JOE PALCA, BYLINE: I'll assume you know large and telescope, so let's focus on the other two words in the name. For astronomers, a synoptic survey is a comprehensive map of every square inch of the night sky.

DR. SIDNEY WOLFF: We want to scan the entire sky over and over again for 10 years, and we will get over 800 images of every single patch of the sky.

PALCA: Sidney Wolff is in charge of building the new telescope. And why take 800 pictures of the sky over 10 years? Well, it's like taking a time-lapse picture of the sky. Anything that moves or changes will be easy to spot.

WOLFF: So one of the things we can do is that if there are any potentially hazardous asteroids out there that might impact the Earth and do significant damage, we will find them.

PALCA: Wolff says the new telescope will also easily pick up the flash of light from stars that explode overnight and become supernovas. It can also study things that are invisible. Seriously. Here's how that works. There's stuff between us and distant objects called dark matter. As the name suggests, dark matter doesn't give off light. Astronomers are pretty sure it's there; they just don't know what it's made of. To study dark matter, Wolff says the new telescope can look for changes in the shape of distant objects, changes caused by the invisible stuff.
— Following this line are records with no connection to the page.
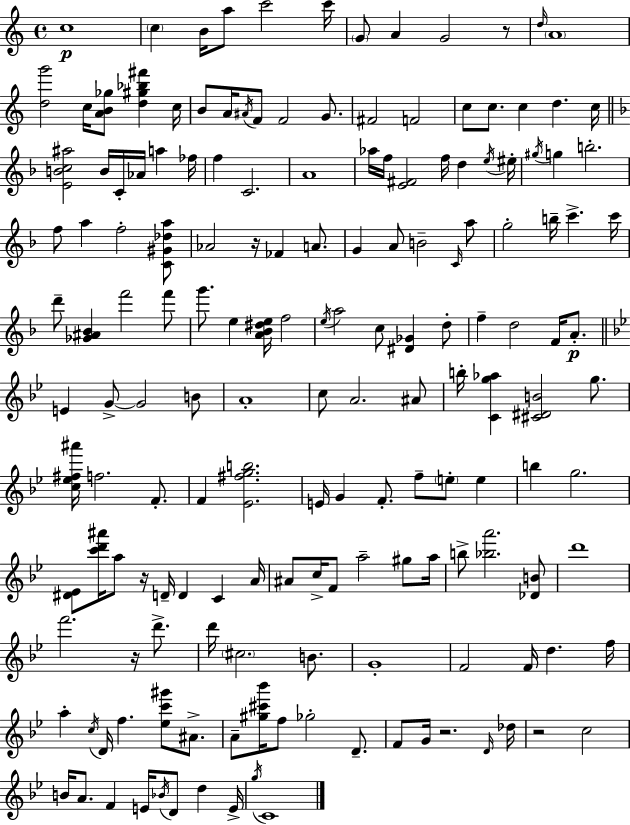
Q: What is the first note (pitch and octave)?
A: C5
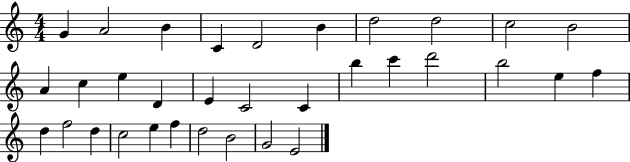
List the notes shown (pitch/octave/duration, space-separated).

G4/q A4/h B4/q C4/q D4/h B4/q D5/h D5/h C5/h B4/h A4/q C5/q E5/q D4/q E4/q C4/h C4/q B5/q C6/q D6/h B5/h E5/q F5/q D5/q F5/h D5/q C5/h E5/q F5/q D5/h B4/h G4/h E4/h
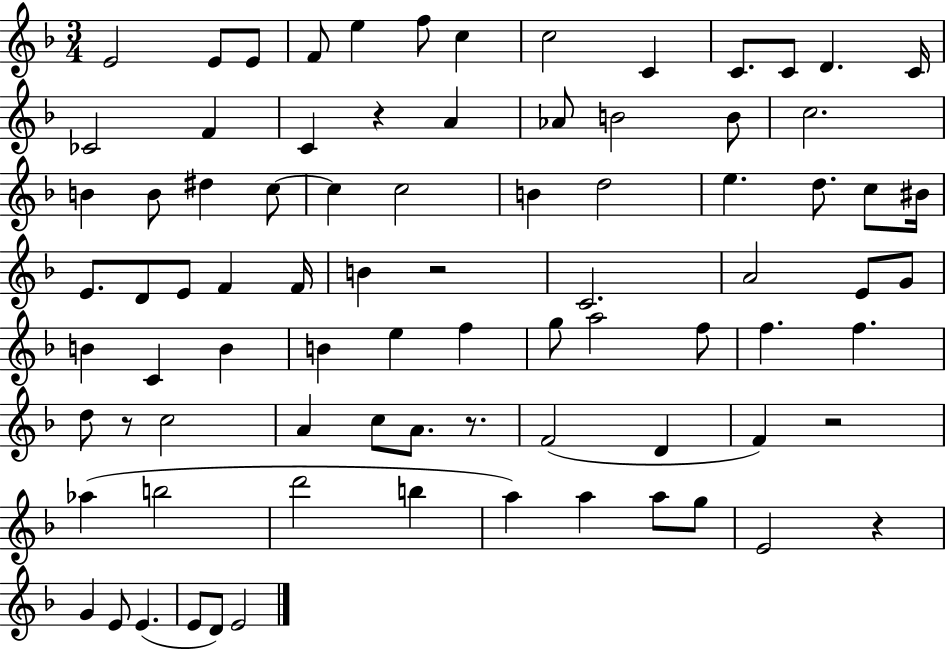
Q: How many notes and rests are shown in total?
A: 83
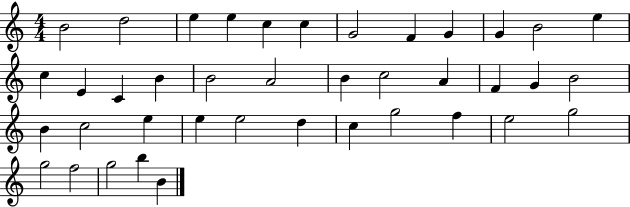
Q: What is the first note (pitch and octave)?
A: B4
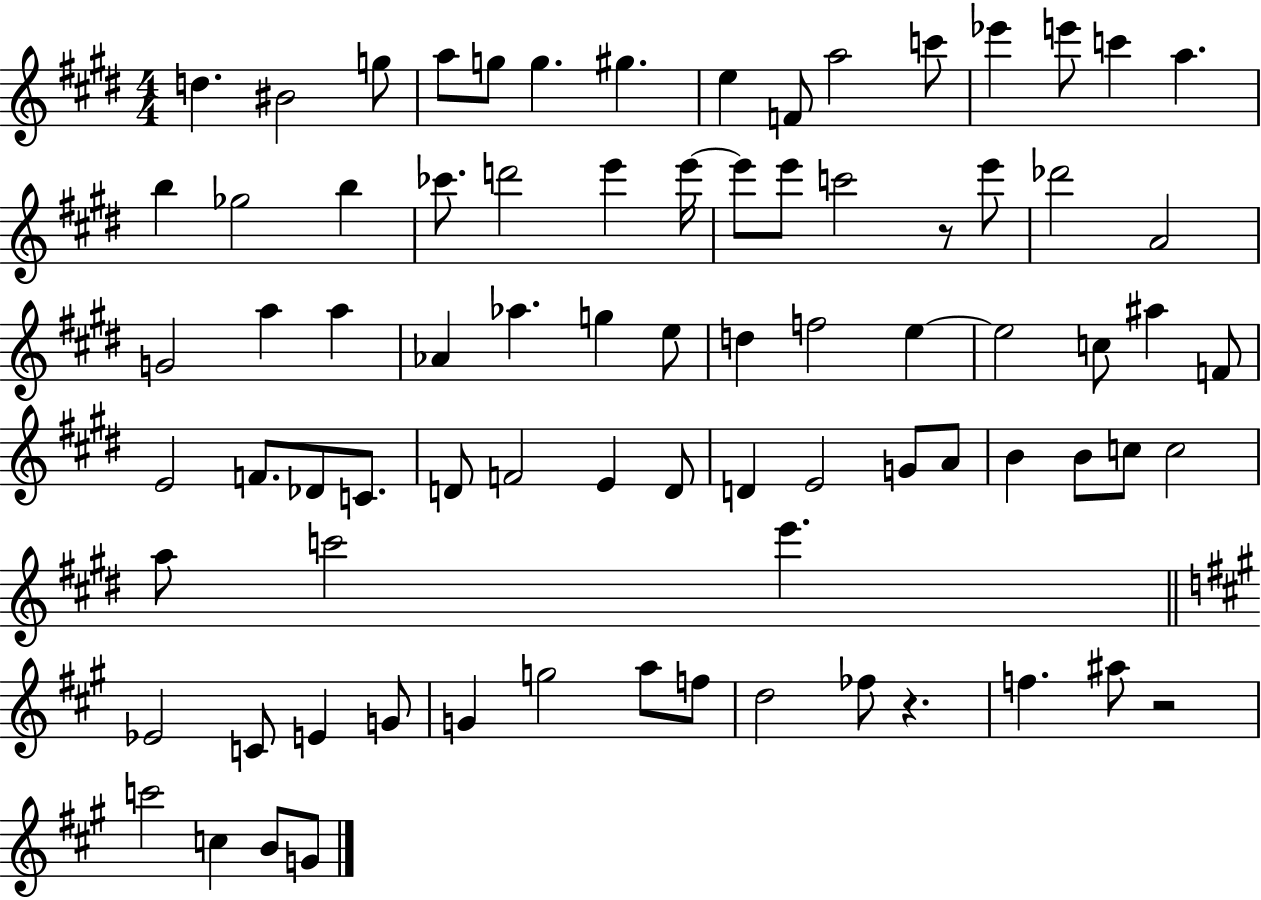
D5/q. BIS4/h G5/e A5/e G5/e G5/q. G#5/q. E5/q F4/e A5/h C6/e Eb6/q E6/e C6/q A5/q. B5/q Gb5/h B5/q CES6/e. D6/h E6/q E6/s E6/e E6/e C6/h R/e E6/e Db6/h A4/h G4/h A5/q A5/q Ab4/q Ab5/q. G5/q E5/e D5/q F5/h E5/q E5/h C5/e A#5/q F4/e E4/h F4/e. Db4/e C4/e. D4/e F4/h E4/q D4/e D4/q E4/h G4/e A4/e B4/q B4/e C5/e C5/h A5/e C6/h E6/q. Eb4/h C4/e E4/q G4/e G4/q G5/h A5/e F5/e D5/h FES5/e R/q. F5/q. A#5/e R/h C6/h C5/q B4/e G4/e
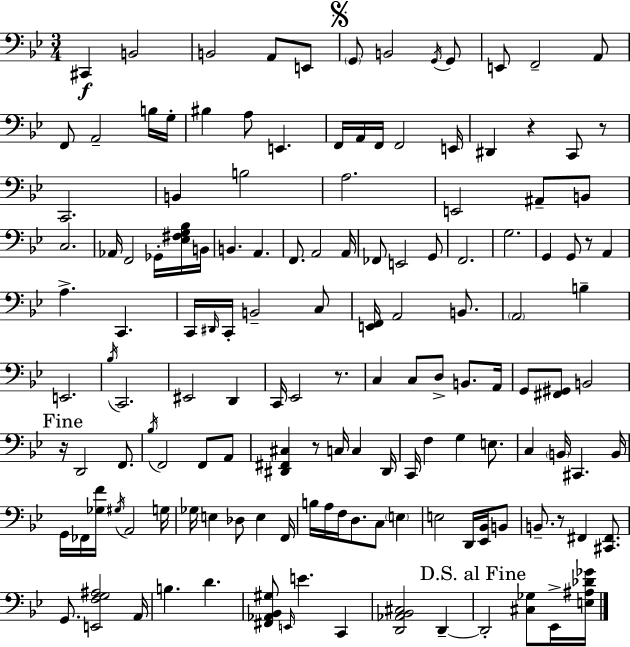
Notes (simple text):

C#2/q B2/h B2/h A2/e E2/e G2/e B2/h G2/s G2/e E2/e F2/h A2/e F2/e A2/h B3/s G3/s BIS3/q A3/e E2/q. F2/s A2/s F2/s F2/h E2/s D#2/q R/q C2/e R/e C2/h. B2/q B3/h A3/h. E2/h A#2/e B2/e C3/h. Ab2/s F2/h Gb2/s [Eb3,F#3,G3,Bb3]/s B2/s B2/q. A2/q. F2/e. A2/h A2/s FES2/e E2/h G2/e F2/h. G3/h. G2/q G2/e R/e A2/q A3/q. C2/q. C2/s D#2/s C2/s B2/h C3/e [E2,F2]/s A2/h B2/e. A2/h B3/q E2/h. Bb3/s C2/h. EIS2/h D2/q C2/s Eb2/h R/e. C3/q C3/e D3/e B2/e. A2/s G2/e [F#2,G#2]/e B2/h R/s D2/h F2/e. Bb3/s F2/h F2/e A2/e [D#2,F#2,C#3]/q R/e C3/s C3/q D#2/s C2/s F3/q G3/q E3/e. C3/q B2/s C#2/q. B2/s G2/s FES2/s [Gb3,F4]/s G#3/s A2/h G3/s Gb3/s E3/q Db3/e E3/q F2/s B3/s A3/s F3/s D3/e. C3/e E3/q E3/h D2/s [Eb2,Bb2]/s B2/e B2/e. R/e F#2/q [C#2,F#2]/e. G2/e. [E2,F3,G3,A#3]/h A2/s B3/q. D4/q. [F#2,Ab2,Bb2,G#3]/e E2/s E4/q. C2/q [D2,Ab2,Bb2,C#3]/h D2/q D2/h [C#3,Gb3]/e Eb2/s [E3,A#3,Db4,Gb4]/s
WOLFF: It doesn't matter whether that matter emits light or not because we're measuring its gravitational effect, and dark matter produces gravitational effect.
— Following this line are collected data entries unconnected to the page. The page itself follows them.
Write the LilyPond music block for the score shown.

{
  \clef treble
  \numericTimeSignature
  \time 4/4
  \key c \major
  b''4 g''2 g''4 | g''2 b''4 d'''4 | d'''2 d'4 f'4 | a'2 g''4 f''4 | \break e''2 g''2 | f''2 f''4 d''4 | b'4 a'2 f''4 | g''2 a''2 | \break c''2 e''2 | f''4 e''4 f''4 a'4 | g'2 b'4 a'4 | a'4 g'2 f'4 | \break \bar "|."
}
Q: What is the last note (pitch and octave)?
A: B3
PALCA: The telescope will ultimately be built on a mountain in Chile. At the heart of the telescope are three large mirrors that will capture starlight. Two of the mirrors are being built at a facility on the University of Arizona campus in Tucson.

WILLIAM GRESSLER: Even from this far away, you see the two surfaces. That's our tertiary mirror.

PALCA: William Gressler is a senior optical engineer for the Large Synoptic Survey Telescope or LSST as it's known. We're standing on a balcony overlooking a cavernous hall located under the university football stadium. Gressler is pointing to what looks like a giant round birthday cake at the other end of the hall. The cake is actually a single piece of glass 27 feet across. You can see what it looks like at . Gressler says making mirrors for a survey telescope poses some special problems. Once the glass is mounted in the telescope frame, it will need to be swiveled fairly rapidly across the sky.

GRESSLER: Part of this survey is we can't take forever moving to the next part of the sky. So we actually move very quickly. Within five seconds, we can move from one piece of sky 3 1/2 degrees over and get ready for another exposure.

PALCA: Gressler says they've achieved that agility with some innovative mounting hardware that will take the stress off the mirror as it moves. Martha Haynes of Cornell University co-chaired the committee of astronomers that made the LSST top choice for the next big telescope. She says it beat the competition because nearly every astronomer needs a detailed map of the entire sky.

DR. MARTHA HAYNES: The surveys that are being proposed for the LSST will provide the data sets that a vast variety of astronomers will use to answer fundamentally different questions about the universe.

PALCA: Right now, all that's holding up the LSST is money. The mirrors were built with private donations. Federal science agencies have pledged support, but money isn't expected to start flowing until the 2014 fiscal year. Joe Palca, NPR News.